Limiter la diffusion des PV de résultats

La coupure d’internet, de l’accès aux réseaux sociaux et aux SMS, est intervenue au moment où les internautes commençaient à diffuser en masse sur Twitter et WhatsApp les procès-verbaux (PV) de résultats de dépouillement de certains bureaux de vote. La toile a rapidement été inondée de ces premiers résultats partiels, relayés essentiellement par les partis d’opposition. Des résultats qui témoignaient tous de la forte avance des candidats de l’opposition, Martin Fayulu (à Kinshasa et Lubumbashi) et de Félix Tshisekedi (dans les Kasaï), face au dauphin désigné par Joseph Kabila pour lui succéder, Emmanuel Ramazani Shadary.
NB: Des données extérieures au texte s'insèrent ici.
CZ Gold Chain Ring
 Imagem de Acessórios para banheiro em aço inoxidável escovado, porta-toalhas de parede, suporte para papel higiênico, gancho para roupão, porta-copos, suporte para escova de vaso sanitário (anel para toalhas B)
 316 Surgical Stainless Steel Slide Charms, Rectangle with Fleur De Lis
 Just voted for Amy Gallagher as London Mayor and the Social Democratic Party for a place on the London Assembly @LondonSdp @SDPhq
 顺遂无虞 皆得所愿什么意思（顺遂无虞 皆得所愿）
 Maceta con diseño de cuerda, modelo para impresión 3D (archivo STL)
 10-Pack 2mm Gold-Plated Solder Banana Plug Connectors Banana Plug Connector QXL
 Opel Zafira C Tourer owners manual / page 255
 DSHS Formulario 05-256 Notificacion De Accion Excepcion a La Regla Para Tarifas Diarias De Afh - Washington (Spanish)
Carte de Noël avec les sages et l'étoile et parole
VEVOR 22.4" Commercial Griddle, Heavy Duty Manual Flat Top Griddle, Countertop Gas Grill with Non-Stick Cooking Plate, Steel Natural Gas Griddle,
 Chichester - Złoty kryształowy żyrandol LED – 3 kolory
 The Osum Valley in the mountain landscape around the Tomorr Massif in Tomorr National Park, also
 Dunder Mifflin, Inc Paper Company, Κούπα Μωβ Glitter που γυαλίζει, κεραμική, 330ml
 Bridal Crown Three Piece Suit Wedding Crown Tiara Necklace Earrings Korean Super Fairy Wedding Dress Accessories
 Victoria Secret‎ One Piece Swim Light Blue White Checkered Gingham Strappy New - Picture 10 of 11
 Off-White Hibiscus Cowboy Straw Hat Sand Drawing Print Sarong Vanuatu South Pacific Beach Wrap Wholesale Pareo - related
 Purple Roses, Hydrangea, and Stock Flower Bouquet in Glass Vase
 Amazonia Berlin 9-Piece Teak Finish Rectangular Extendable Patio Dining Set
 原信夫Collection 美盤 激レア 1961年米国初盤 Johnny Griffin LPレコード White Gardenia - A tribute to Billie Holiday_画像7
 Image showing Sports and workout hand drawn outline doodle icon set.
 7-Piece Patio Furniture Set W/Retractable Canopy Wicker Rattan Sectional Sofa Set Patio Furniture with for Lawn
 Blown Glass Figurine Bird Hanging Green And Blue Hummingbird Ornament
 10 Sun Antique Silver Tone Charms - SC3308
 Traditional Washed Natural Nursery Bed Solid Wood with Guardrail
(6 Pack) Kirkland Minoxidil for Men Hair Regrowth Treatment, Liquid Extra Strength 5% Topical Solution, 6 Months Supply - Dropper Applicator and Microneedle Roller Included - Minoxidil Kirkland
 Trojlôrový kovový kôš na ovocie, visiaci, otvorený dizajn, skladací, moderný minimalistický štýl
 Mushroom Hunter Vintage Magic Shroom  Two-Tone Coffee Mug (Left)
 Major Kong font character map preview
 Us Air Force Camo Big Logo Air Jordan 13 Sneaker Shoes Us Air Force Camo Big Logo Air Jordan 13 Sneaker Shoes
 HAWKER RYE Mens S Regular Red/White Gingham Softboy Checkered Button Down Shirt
Comme à chaque fois, ces mesures liberticides ont plutôt tendances à raviver les tensions au sein de la population. Et au lendemain des élections générales de dimanche, la coupure des réseaux internet et téléphoniques risque de ralentir la compilation et les transmissions des résultats, qui sont attendus, de manière partielle, le 6 janvier prochain. Un comble pour les autorités congolaises, qui n’ont pas vraiment intérêt à faire durer le suspense très longtemps autour du nom du vainqueur de la présidentielle.

RFI réduite au silence

Autre mauvais signal en fin de journée, ce lundi, les autorités congolaises ont décidé de suspendre la diffusion de Radio France Internationale à Kinshasa et dans la capitale voisine, Brazzaville. La radio française est l’une des plus écoutées en RDC. Et dans la soirée, comme si cette mesure ne suffisait pas à faire taire la radio mondiale, l’accréditation de reportage de la journaliste de RFI, Florence Morice, lui a été retirée. Kinshasa reproche à la journaliste d’avoir divulgué des résultats partiels de l’élection et d’avoir enfreint « les règles de bonnes conduites des journalistes internationaux ». Une décision qui sonne également comme un avertissement aux dizaines d’autres journalistes étrangers présents au Congo pour couvrir les élections.

Ces très mauvais signaux démontrent, à qui en doutait encore, de la stratégie d’isolement souhaité par le pouvoir congolais. Après avoir refusé l’aide financière internationale pour organiser les élections et l’aide logistique des casques bleus de la Monusco, Kinshasa a également décidé de renvoyé cette semaine l’ambassadeur de l’Union européenne, dont les observateurs n’ont pas été autorisés à venir surveiller le scrutin de dimanche. Il est vrai que l’Union européenne et le Centre Carter avaient été les deux institutions qui avaient décrété les résultats de la réélection de Joseph Kabila de 2011 « non crédibles ». Visiblement, en 2018, le pouvoir congolais souhaite pouvoir organiser ses élections seul, et contrôler ses résultats à l’abri des regards extérieurs des institutions et des médias internationaux. Un scrutin sans témoins et à huis clos, dont le pouvoir semble vouloir maîtriser la communication, au moment crucial et très explosif que sera l’annonce des résultats. Un moment redouté par tous, en cas de victoire du candidat du pouvoir.